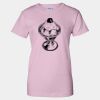 Women's Ultra Cotton® T-Shirt Thumbnail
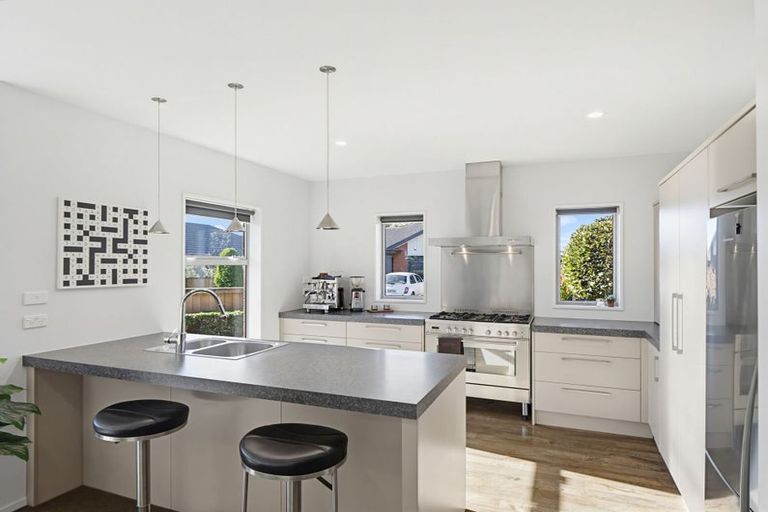 Photo of property in 40 Colligan Street, Upper Riccarton, Christchurch, 8041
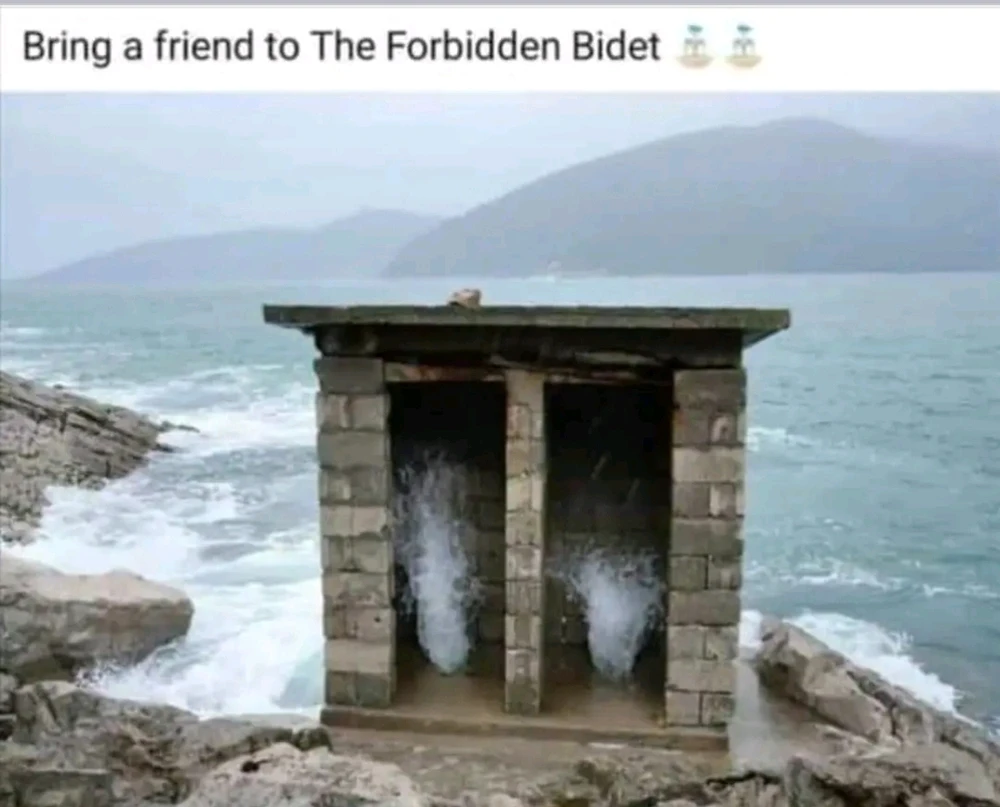 Mynd sett inn af Elín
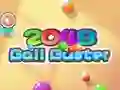 2048 บัสเตอร์ลูกบอล เกมออนไลน์ 2048 บัสเตอร์ลูกบอล เกมออนไลน์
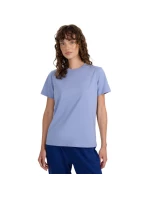 Tričko 4F W 4FWAW25TTSHF2970 32S Tričko 4F W 4FWAW25TTSHF2970 32S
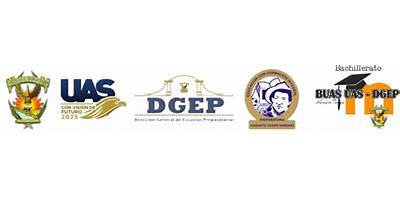PREPARATORIA AUGUSTO CESAR SANDINO, EXT EL DIEZ
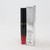 Lancome L'absolu Lacquer Longwear Lip Gloss 0.27oz 204 Beige Aura New With Box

Problem
Although the entries contain pictures, reproduce only the rest, exactly as written.

Solution for this problem
 Women's Ultra Cotton® T-Shirt Thumbnail
 Photo of property in 40 Colligan Street, Upper Riccarton, Christchurch, 8041
 Mynd sett inn af Elín
 2048 บัสเตอร์ลูกบอล เกมออนไลน์ 2048 บัสเตอร์ลูกบอล เกมออนไลน์
 Tričko 4F W 4FWAW25TTSHF2970 32S Tričko 4F W 4FWAW25TTSHF2970 32S
PREPARATORIA AUGUSTO CESAR SANDINO, EXT EL DIEZ
 Lancome L'absolu Lacquer Longwear Lip Gloss 0.27oz 204 Beige Aura New With Box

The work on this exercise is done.